Navigating election season: Political advice from a political novice

A new President will be elected a year from now. If you are like me, the idea of performing your civic duty by voting leaves a knot in the pit of your stomach. Not because you don’t want to be a good citizen, but because understanding the myriad of issues through the extensive candidate-to-candidate tongue-lashings can be a bit difficult to navigate through.

Such circumstances leaves citizens like you and me with limited options. Either we choose not to vote because we don’t feel we can make a well-informed decision, we vote with our best guess hoping we are making a good choice, or we vote blindly, selecting candidates at random, hoping that the truly right person for the job will end up on top despite your ignorance.

None of these options are in our best interest, or that of our nation. With a year to prepare, hopefully these resources will help you learn what the real issues are so you can feel like you will truly make a difference when you vote.

First of all, you need to be registered to vote. Many times you will be given that option when you get your driver’s license renewed. If you are not sure whether or not you are registered, you can go to www.elections.il.gov/VotingInformation/RegistrationLookup.aspx. Here you will enter your first and last name followed by your zip code. If you are registered, a screen will come up with your information and it will also list your polling place. If you are not registered, this same website has an online voter registration application.

That handles the paperwork part of it. Now, there are two important election dates in 2016. The Primary Election will be on March 15, 2016. This is where candidates will be narrowed down by party. Currently, there are about 21 candidates vying for the presidential spot. This field will be greatly reduced leaving one candidate per political party.

Sadly, primary elections are often overlooked because it is not viewed with just importance. According to wisegeek.org, primary elections are even more important than the general election in November.

“Many voters don’t seem to realize that the primary is one of the most important phases of an election. This is when each vote counts the most, because it gives people the ability to decide who the best candidate is.”

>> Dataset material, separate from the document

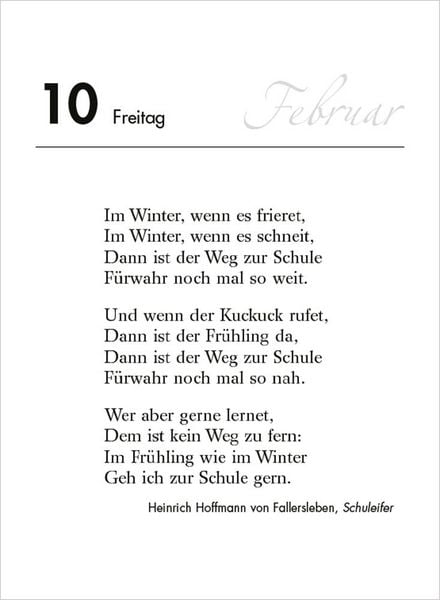 Produktbild: Literaturkalender 2027. Tageskalender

The second important date is the General Election on November 8, 2016. This is when one party will win over all the others, ultimately naming the president-elect, along with other candidates currently up for office. Knowing the important dates is key, but how do you weed through the fierce, confusing campaign ads?

It helps to first know what the political issues are. Information about the various issues can be found at www.presidentialelection.com/Political_Issues/. That alone, however, does not tell you where the candidates stand on those issues. It will, however, help you learn the facts to determine what issues are important to you and help you in your next step – learning what side of the issue(s) each candidate stands on.

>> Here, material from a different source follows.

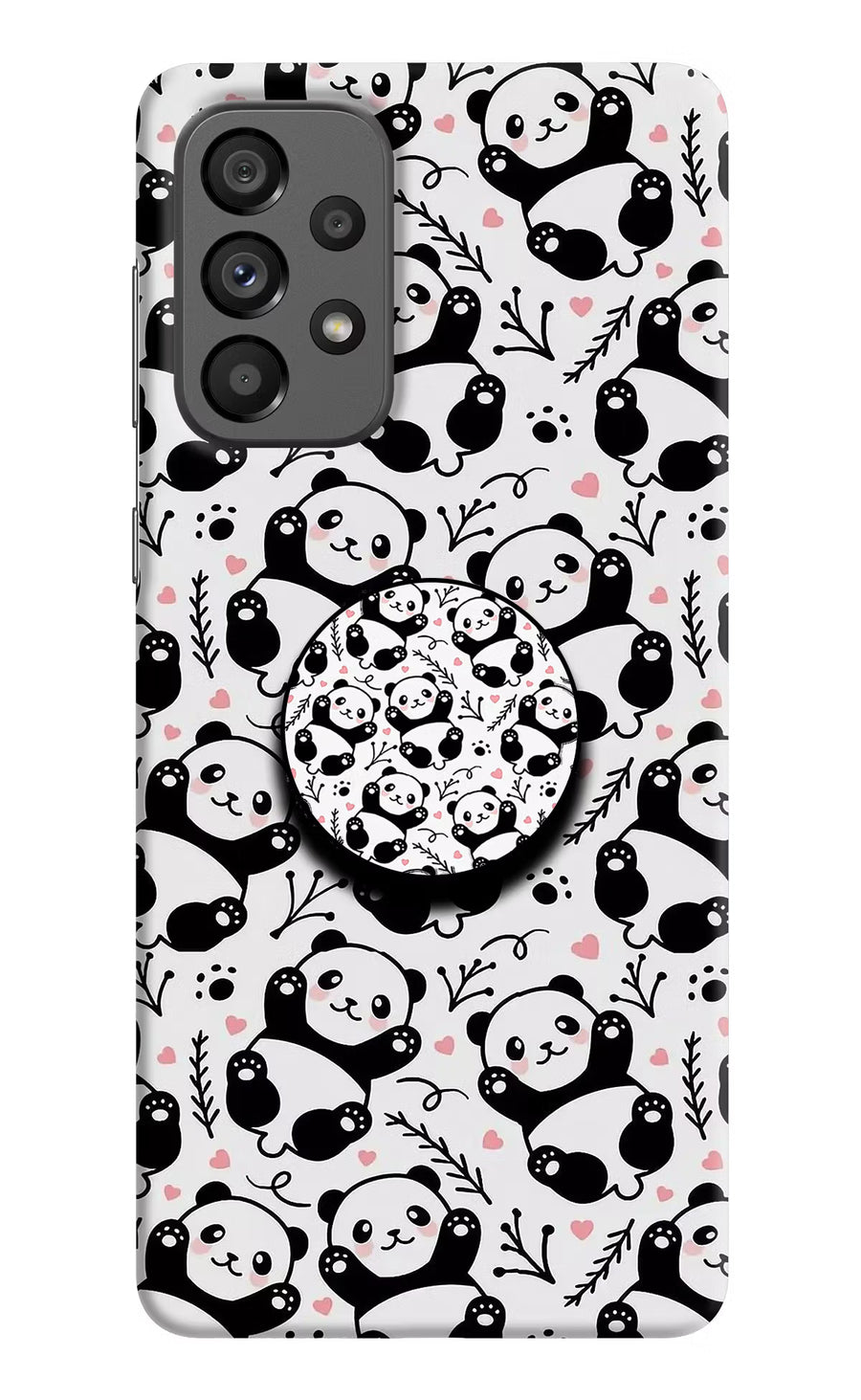 Cute Panda Samsung A73 5G Pop Case, Hard case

To find out who the candidates are, visit www.presidentialelection.com/candidates/. The candidates are divided by party: Democrat, Republican, and Third Party Candidates.

Knowing the issues and the candidates are two very important steps when learning to navigate the election field. But now you need to connect these two things. What issues are important to the candidates? “On the Issues” is a website that will help you answer that question.

This may still seem a bit intimidating to the novice voter, but you have five months before the Primary, and a year before the General Election. Make it a priority to educate yourself on the important issues so that you can vote with a good conscience.